■ **EXERCISE BRIEF**: The answer must be an exact reprint of the lines from the one with "Tiefer V-Ausschnitt Applique" through the final line of the data, with no pictures included.

■ **DATA**:
────────────────────

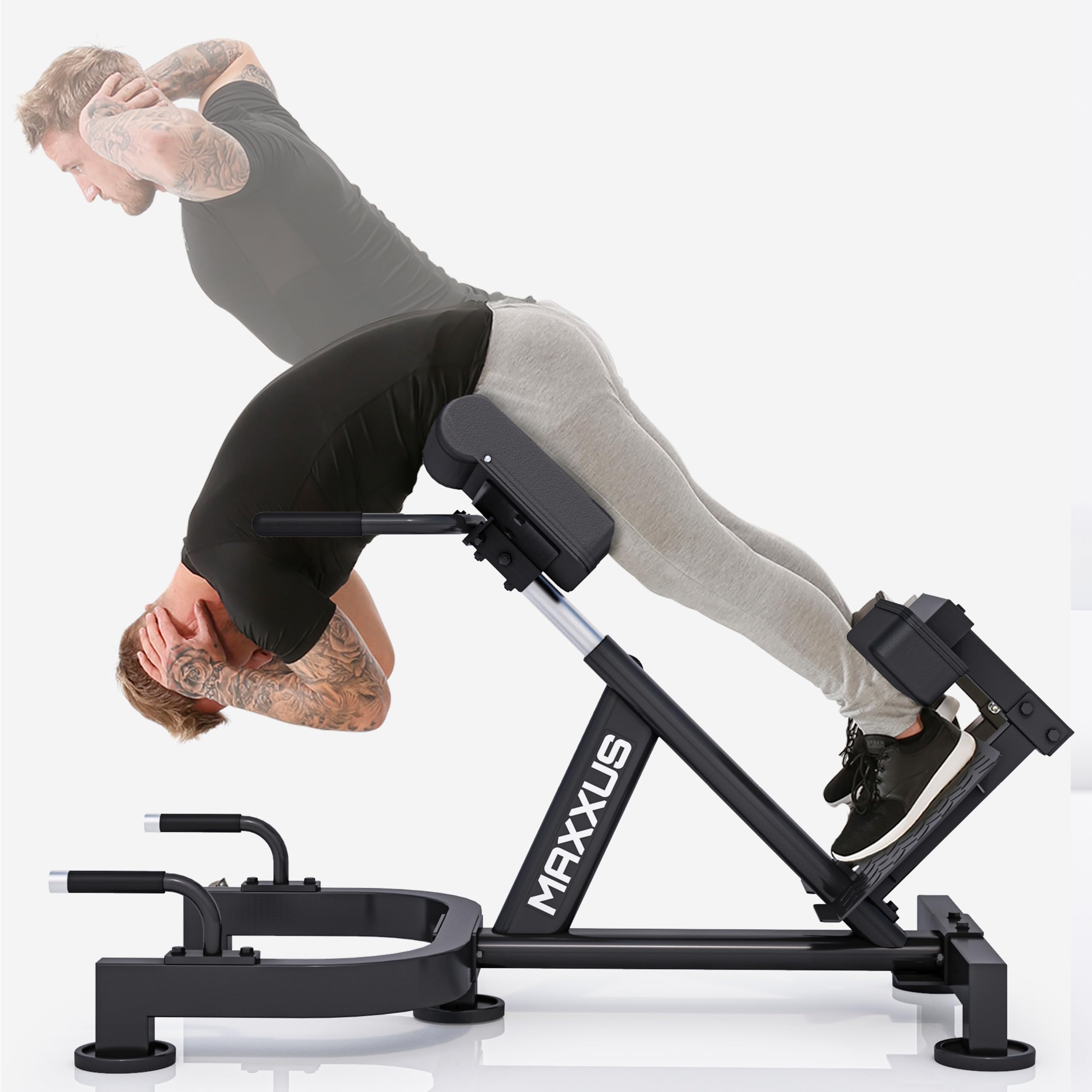 MAXXUS Hyperextension - Allenatore per la schiena, regolabile, fino a 150/180 kg, con fissaggio alle gambe, maniglie, per addominali, panca romana, allenamento multifunzionale, per casa, fitness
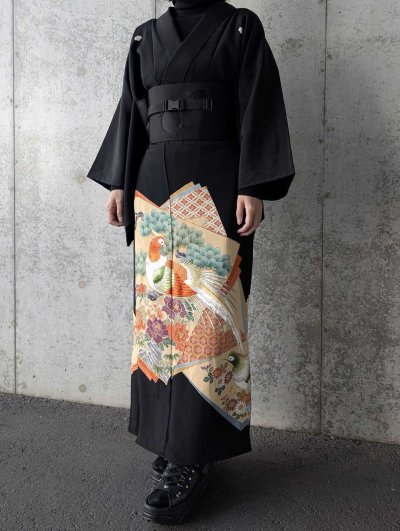 画像1: 【牡丹×刺繍鳳凰】黒留袖ラップスカートセットアップ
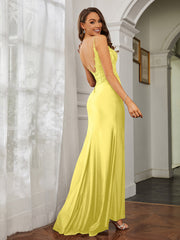 Tiefer V-Ausschnitt Applique Etui-Linie Kleid Zitrone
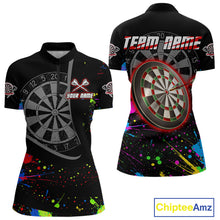 Load image into Gallery viewer, Red Dartboard Multicolored Splashes Women's Darts Shirt - Custom Name For Players NYN0494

────────────────────

■ **SOLUTION TO THIS EXERCISE**:
 Tiefer V-Ausschnitt Applique Etui-Linie Kleid Zitrone
 Load image into Gallery viewer, Red Dartboard Multicolored Splashes Women's Darts Shirt - Custom Name For Players NYN0494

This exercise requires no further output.